Behind me was some ground stripped of its features by American Caterpillar trucks. A few garbage bins had been placed at the edge near the old market. What my mother had described to me was now just barren land, and it was difficult to be sure that houses had ever stood on it.
I went back to looking bitterly at the remains of the great mosque built by the Mamluk emir Sayf al-Din Sallar in 1300. At its left corner, a minaret stood like an old lighthouse deserted by the ships; its domes looked like pale knitted skullcaps, their wool worn away with time. I crossed the street to the opposite sidewalk, and stood in front of an entrance, above which was a sign: Khan Asqalan Museum. On either side of it were some small shops and a restaurant, a mis‘adah, in front of which was an area of thick green cloth awnings and some chairs. Oh my God! How could I pray two rak‘as and dedicate them to my mother in a mosque that had turned into a museum and a bar?
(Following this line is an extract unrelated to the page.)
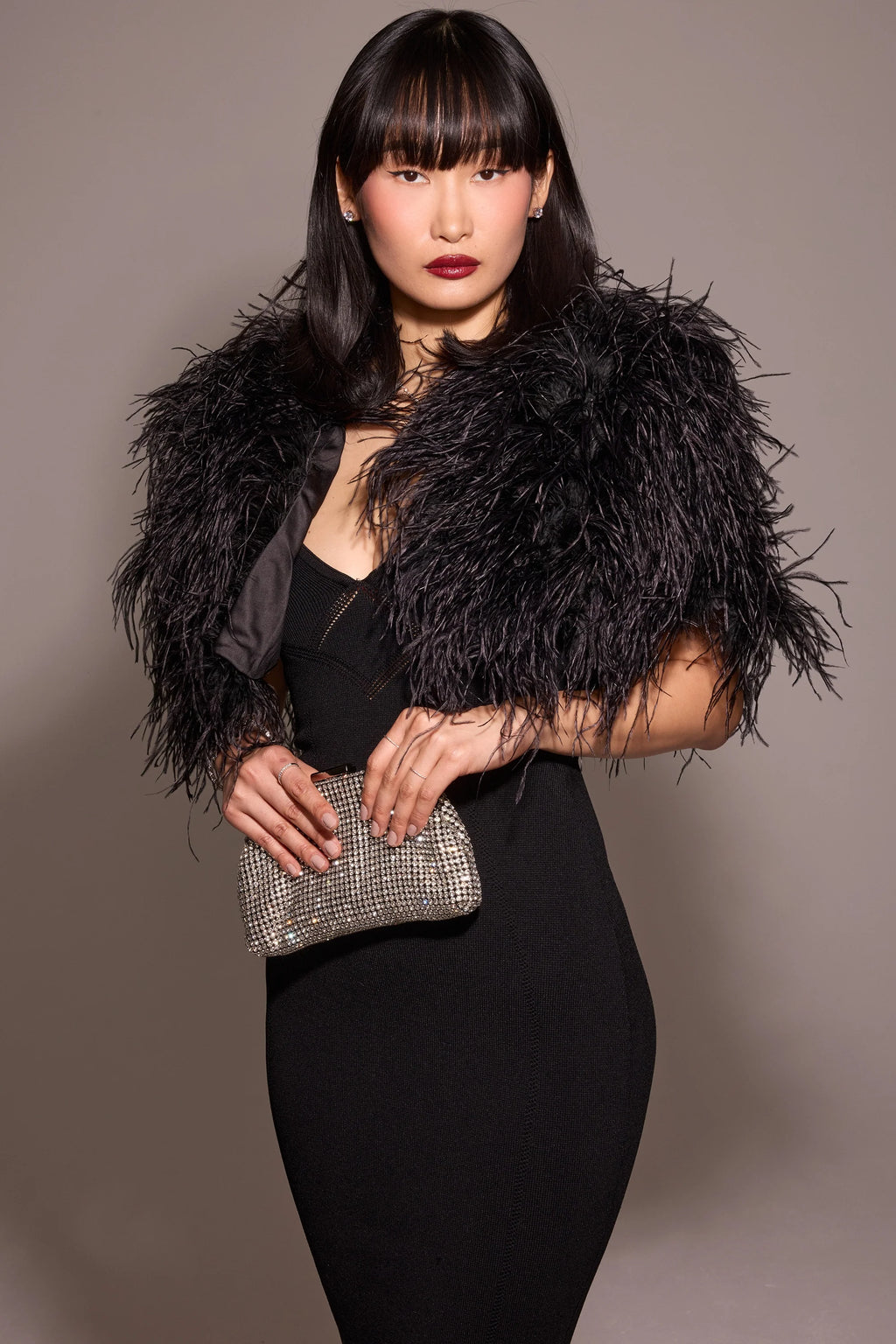 black strapless midi dress - sale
Deep inside me, I gave a scream that no one else could hear, and turned around to wipe the whole scene away. My gaze wandered over a long street, which ended in some houses that had once had two stories; their lower parts still bore the traces of what had once been on top of them. To the left of the street, in the background, were three palm trees. Long ago, my aunt had stood there, waiting for me beside them, picking me up, taking my little hand in her own, and picking some dates.
The house had had a
n upper story, a second floor to which my mother took me once, carrying me on her shoulders when I was still small enough for her to do so. She took me up some marble stairs, which led into a tiled open area in front of two rooms. My head brushed against clusters of red dates. My aunt wasn’t here. My aunt was there. My aunt wasn’t there. My aunt had died in Khan Younis, in a house on the edge of a refugee camp. But I had found no trace of her when I’d visited the ancient graves in the town some years before; not even a letter of her name remained on the tombstones.
“There’s a blue sign over there!” Luda shouted in broken Arabic. “Come on, poshli, let’s go and see what’s written on it.”
Luda’s call brought us all together in front of a house, the front of which resembled a tatty shoe. Luda stood looking at the sign as if she were looking at herself in an old dull mirror whose mercury had peeled off. She tried to translate for us the Hebrew written on it, but her Arabic deserted her. When she tried in English, Jamil wouldn’t let her continue. He teasingly asked her to keep her tongue for some other speech. She did, apologizing in Arabic, English, and Russian.
Then Jamil went up to the sign, and we listened as he conveyed its meaning to us in his fluent Arabic:
Arusi’s House
This house is the last major private house to be found in the Dahman quarter, which was named after a family that lived there. The house is an example of distinctive Arab houses. It was constructed with a square called a hawsh in the middle of it, which is a basic feature of Arab houses. It is usually surrounded by bedrooms, and most of the daily household chores are conducted there. The distinctive feature of this house is that it still preserves the simple, traditional methods that the Arab residents relied on in their lives.